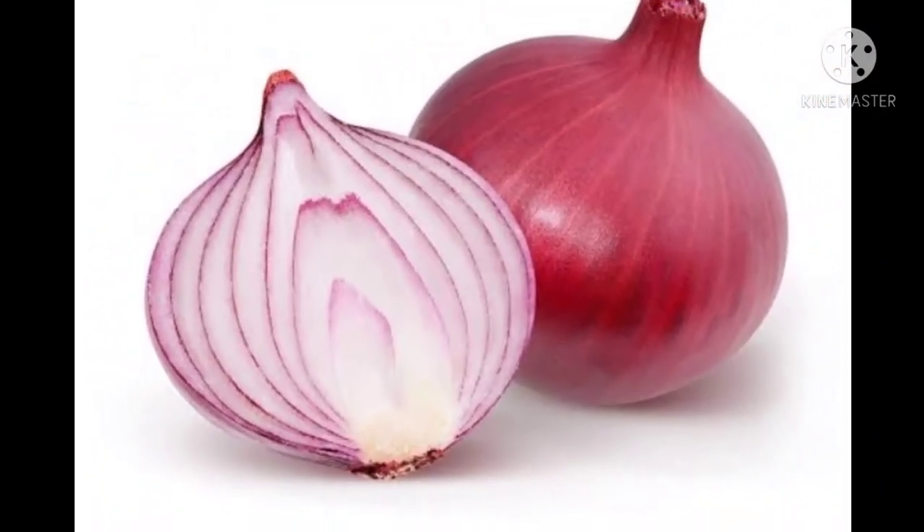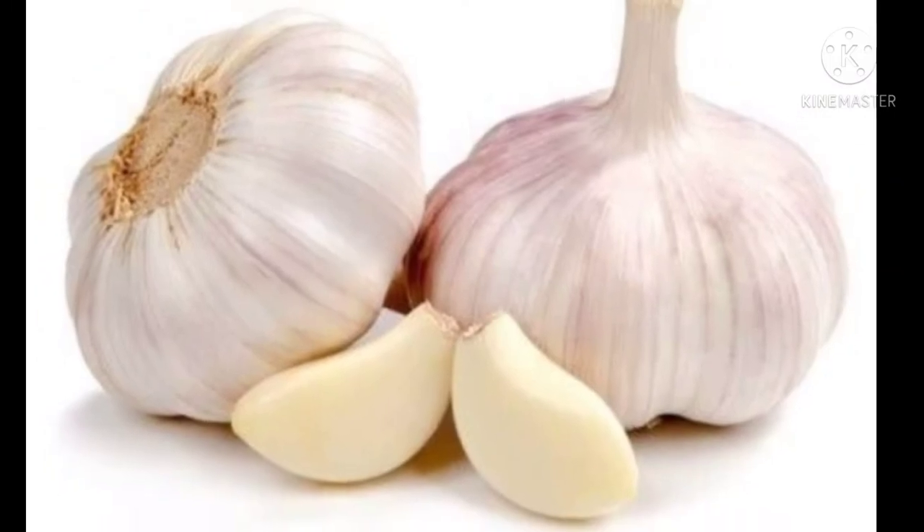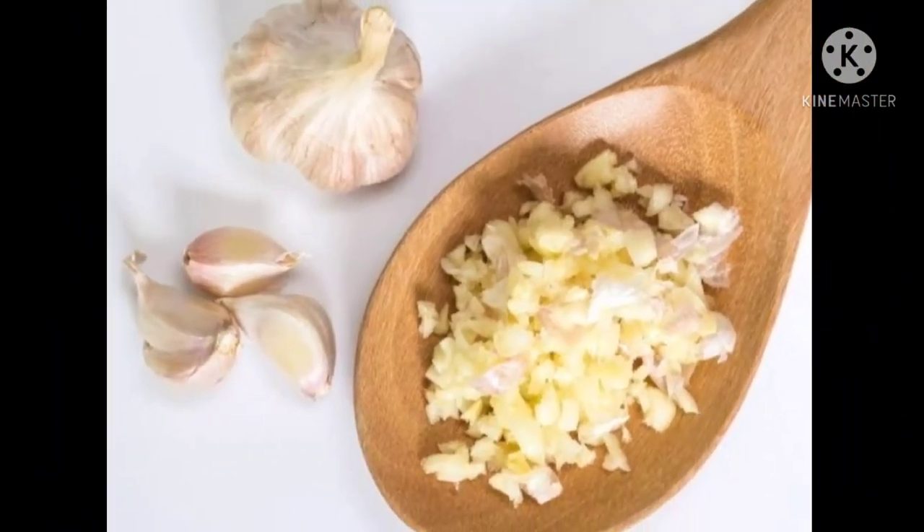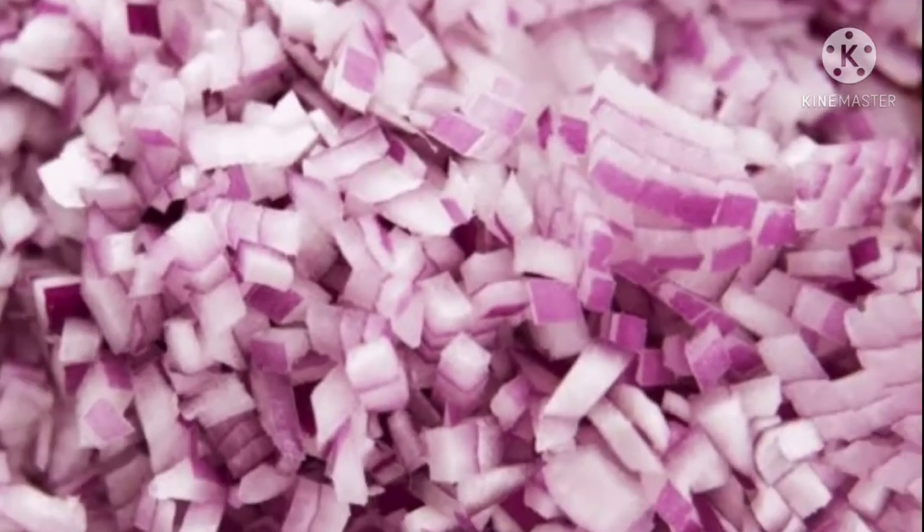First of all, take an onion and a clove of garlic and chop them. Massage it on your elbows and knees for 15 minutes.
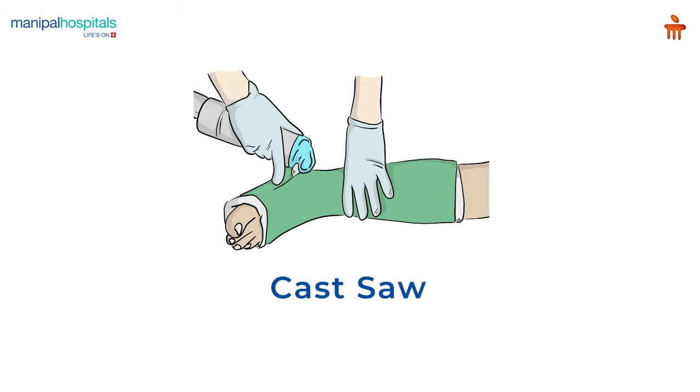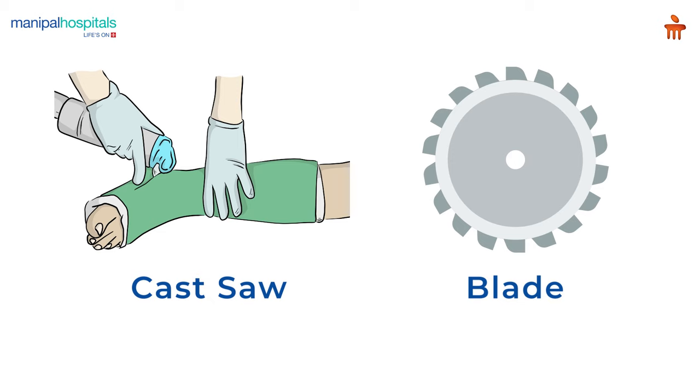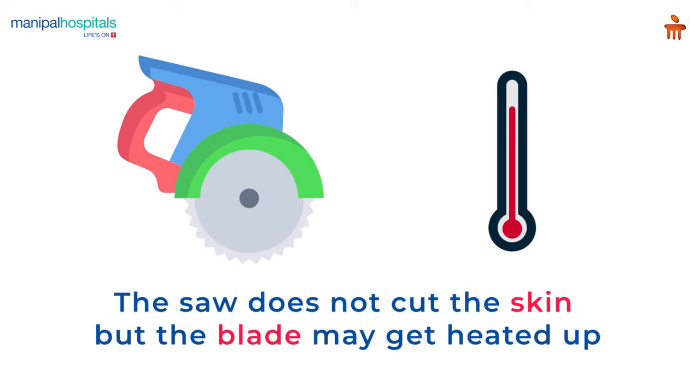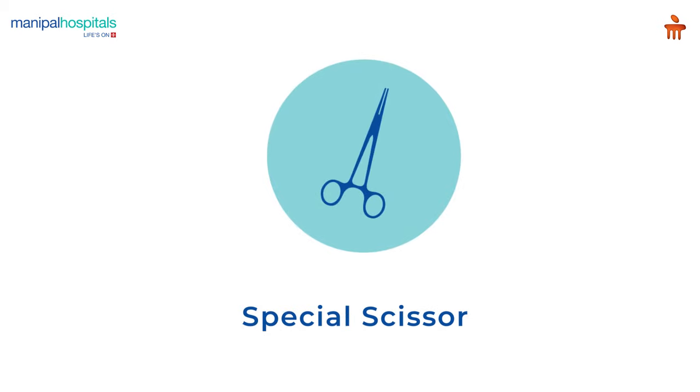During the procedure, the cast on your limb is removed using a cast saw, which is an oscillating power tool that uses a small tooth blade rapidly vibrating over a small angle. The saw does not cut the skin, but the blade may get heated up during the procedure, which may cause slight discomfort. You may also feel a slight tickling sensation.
* * *
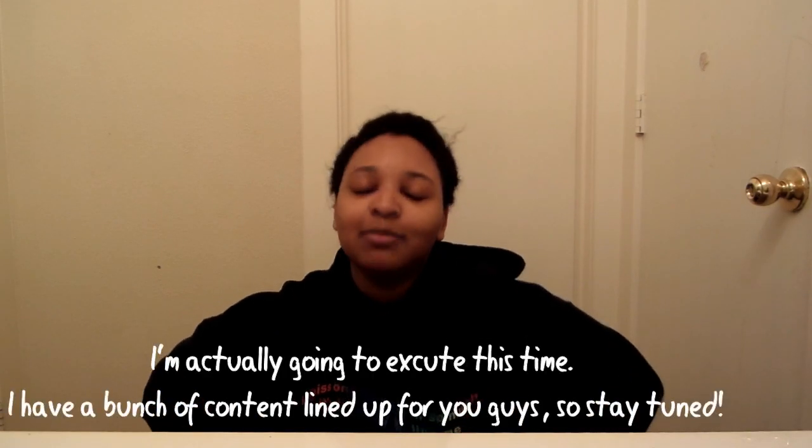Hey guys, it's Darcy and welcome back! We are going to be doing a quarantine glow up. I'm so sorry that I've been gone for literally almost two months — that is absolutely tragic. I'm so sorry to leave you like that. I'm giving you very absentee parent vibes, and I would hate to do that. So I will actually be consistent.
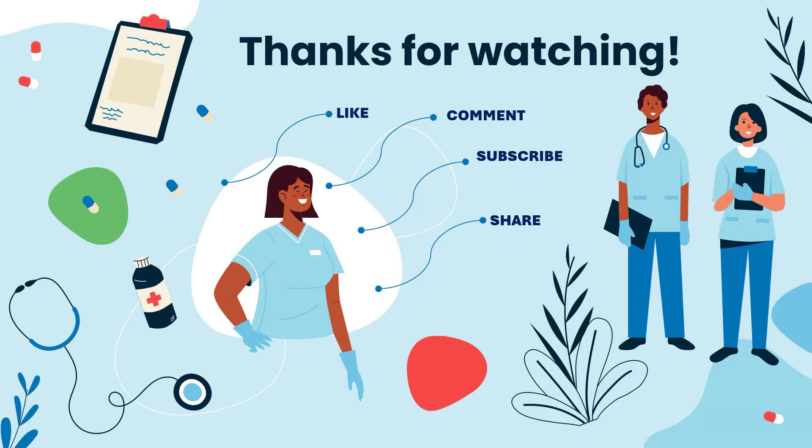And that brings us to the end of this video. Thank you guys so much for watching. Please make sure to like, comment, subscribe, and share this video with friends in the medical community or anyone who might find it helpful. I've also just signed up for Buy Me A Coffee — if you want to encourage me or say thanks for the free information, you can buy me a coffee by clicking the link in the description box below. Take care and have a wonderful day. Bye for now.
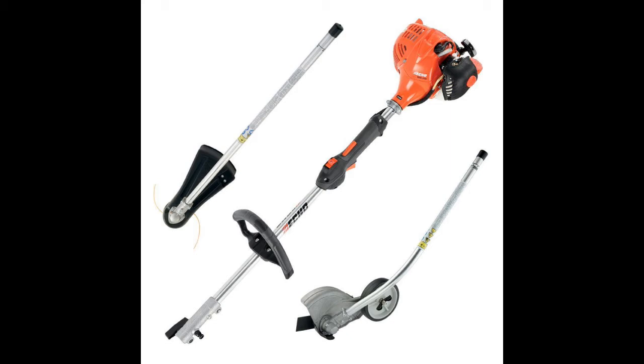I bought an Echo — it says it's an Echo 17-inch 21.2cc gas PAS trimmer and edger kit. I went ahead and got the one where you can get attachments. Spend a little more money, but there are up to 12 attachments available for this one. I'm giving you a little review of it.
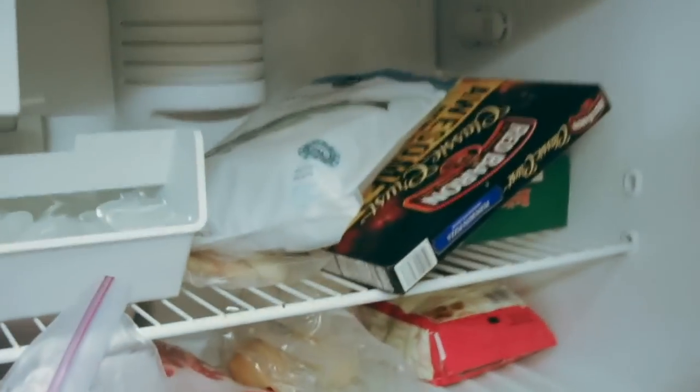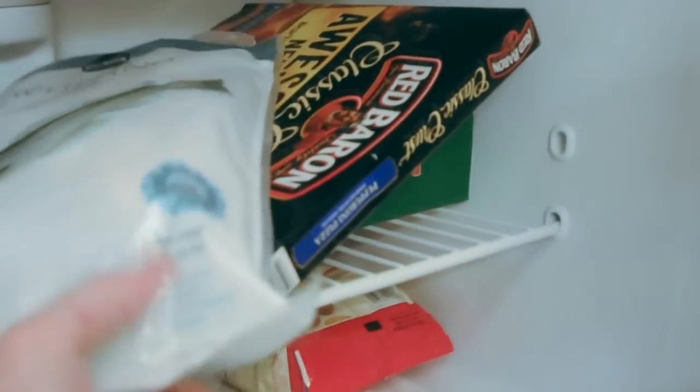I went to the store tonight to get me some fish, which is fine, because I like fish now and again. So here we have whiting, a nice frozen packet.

**ASSIGNED TASK**
Your answer is the exact run of lines above from the one with "First of all, take" through the one with "During the procedure, the", both ends included, minus any picture.

**RESPONSE TO THIS TASK**
First of all, take an onion and a clove of garlic and chop them. Massage it on your elbows and knees for 15 minutes.
During the procedure, the cast on your limb is removed using a cast saw, which is an oscillating power tool that uses a small tooth blade rapidly vibrating over a small angle. The saw does not cut the skin, but the blade may get heated up during the procedure, which may cause slight discomfort. You may also feel a slight tickling sensation.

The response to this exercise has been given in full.